The individual barbs look better when rendered as Ribbon mode:

When the Ai Curve Width is set too high, the curves start to overlap, and errors in the sampling will occur.

Adding a ramp texture map to the Opacity of the Standard Hair will soften the edges of the curves.

Increase the curve width so that it is at least twice the width of the feather curves (in this case a value of 0.04 was used). Make sure to change the mode to Thick so that the curve appears rounded. The main stem of the feather will require a regular glossy material. Connect an Ai Standard Surface shader to the Curve Shader of the stem curve.

Create a Standard Hair shader and connect it to the Ai Curve Shader attribute of the curves set.

The images below show the effect of altering the root color.

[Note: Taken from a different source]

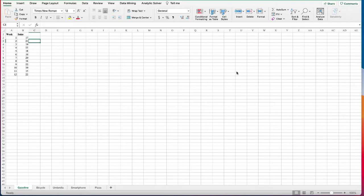In this video I will demonstrate more sophisticated methods for time series forecasting in Excel. We have a dataset of 12 weeks of gasoline sales and we're going to try two different methods: the first one is moving average smoothing, and the second one is exponential smoothing. The moving average method uses an average of the most recent data values in the time series to forecast for the next period.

The images below show the effect of adding a colored circular ramp to the Specular Tint of the Standard Hair shader.

SSS only works with poly meshes and is therefore not supported by the curves primitive.

To see the curves in glossy reflections and refractions you will need to add the following Override Attributes:

  • Ai Visible in Glossy
  • Visible in Refractions

 

Curves are not visible in reflections by default. If you want your curve to be reflected, you will have to add the attribute Visible in Reflections to the override set containing the curves.

Ai Visible in Glossy and Visible in Refractions added to override set containing curves

 

 

That concludes this tutorial on rendering curves as feathers. Rendering curves as hairs using override sets is a useful way to create complex looking scenes without the overhead of working with heavy amounts of geometry.